Re: The Canoe Thing

Posted by Kurt Maurer on Oct 21, 2007

I have yet to try cove and bead. I was going to give it a whirl on this project, my tenth, and even went so far as to acquire a fresh bit for the job. But as things got underway, I said t' heckwithit. Why?

It's a lot of work, and I ought to know. I own no less than eight routers if that tells you anything about how much I rely upon them in my woodworking. I could write a book on router jigs and techniques. I've used them in both horizontal and vertical tables, as pin routers, and have operated CNC router machines. I already know that milling cove & beads is gonna be at least twice the fuss as hand planing rolling bevels, if not much more. Using a plane fits better in boat building, anyway; it's quiet and relaxing.

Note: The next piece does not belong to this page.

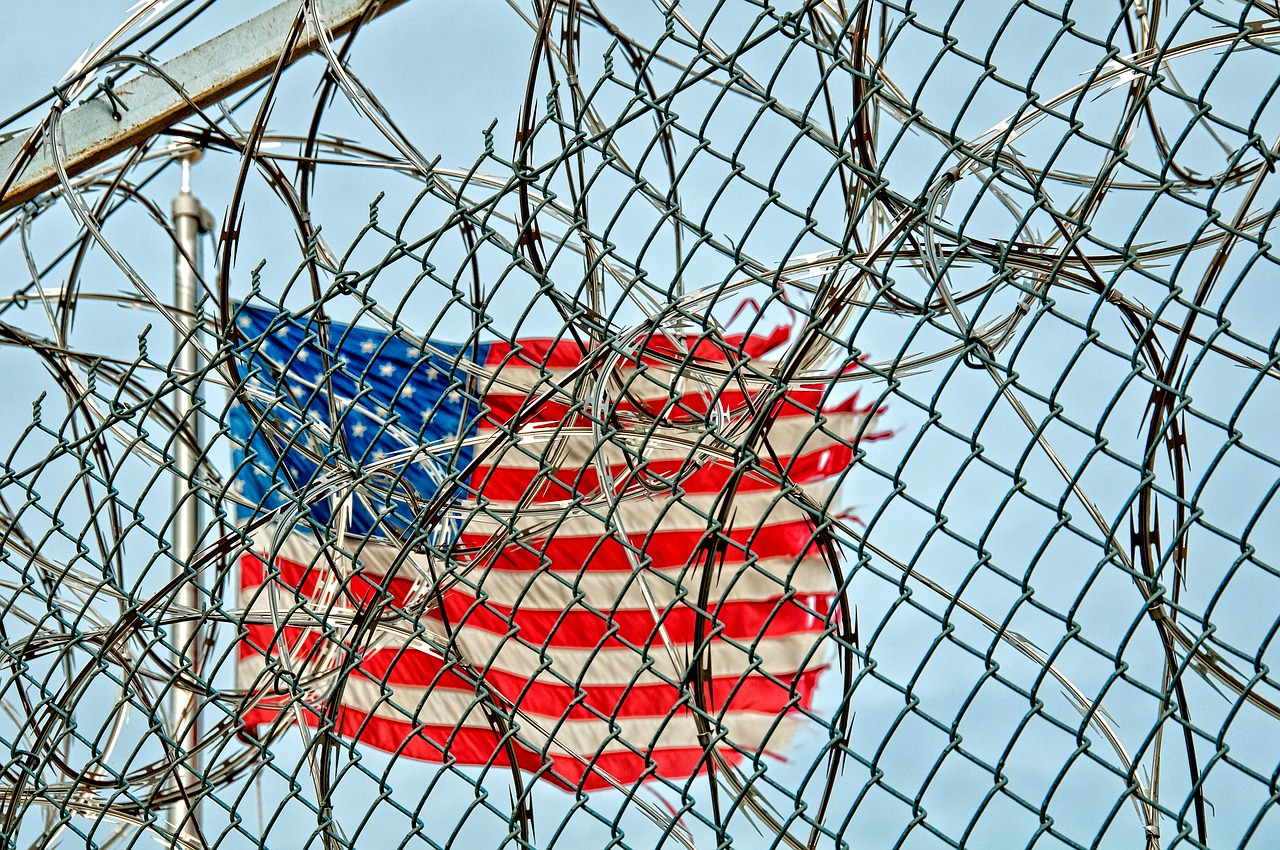 Prison Jail Detention Fence Wire Barbed Metal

Cove & bead, as with practically all "cheater" techniques, tends to come back and bite you somewhere or 'nuther. Most often it's when they get revealed during finish sanding and the demarcation lines wander, but also when fitting tricky junctions and they triple in tedium. Just to name a couple.

But as I always say, do what works best for you. Also, I'm learning that what works best is subject to change along the way, and it is well to keep an open mind. Lastly, I'm not that great a boat builder, and don't profess to be. I make equipment, not furniture, and my boats are definitely subject to the Murphy's Law that states "Everything looks better from a distance."